I usually need some guidelines in whatever I'm doing whether it be crafts, cooking, etc. This type of quilting totally appeals to me though! I have a very basic knowledge of quilting but don't care for the more traditional quilts. I think I would really enjoy tackling one of these quilts! Rav ID: ddknitter
I'm always hesitant to get started, but once it's going, I love the improv process
I like to improvise, but within a framework. Don't know how to label that.
I'll have to say that 'winging it' really isn't in my vocabulary as far as quilting goes. I find it takes a lot of time going through my scraps and auditioning fabrics. That being said, I'm open to trying to improvise.
I'm trying very hard not to be so linear in my quilting. I need to be a little free-er! This book might help.
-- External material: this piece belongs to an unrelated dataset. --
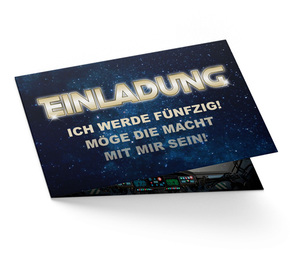 Geburtstagseinladung Spaceship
Hi Kristin! I am getting more comfortable with improv all the time. I can do accuracy and precision but it really stresses me out. My machine is not that great and neither are my eyes. I feel so free just taking a pile of scraps and trying to make something out of them. The thing that appeals to me about this book is the loose guidelines. I want to make pretty things that don't look like a total hodgepodge and I think the scores would help. Thanks so much for hosting this!
plan! plan! plan!:)
The improv quilts I've done before have been exercises in thrift. I love making a quilt from scraps other quilters freely toss in the trash. I am eager to learn more.
I'm getting more in to the "wing it" mode. Life issues have made me realize that things don't have to be exactly perfect. Thanks for the giveaway and I would love to have this in my library! email@example.com
WOW. I love all the quilts. I am a planner, but I recently tried a little improv. It was hard to see things out of place or not straight. It was fun and I need more direction or ideas to keep it going. Thanks for the giveaway. Slp.firstname.lastname@example.org
My quilts start with a plan and then take off from there. -- soparkaveataoldotcom
winging it ... can't do it! I've tried and will continue to try, but it just hasn't worked well for me. I follow recipes exactly, make clothing that looks like the pattern pictures, copy card designs, etc. Sigh.
I really enjoy winging it in quilting, but do find it challenging to wing it with everything else in life. Maybe that's why I like improvisational quilting so much. :)
HELLO,oh yes I'm a planner>old traditional quilt blocks are my thing! But this book looks so interesting>I'd like to try an "Improv Quilt"! Thank You for your Blog+the giveaway!
I think I do both, plan and wing-it. Sometimes I follow a pattern and sometimes I do my own thing.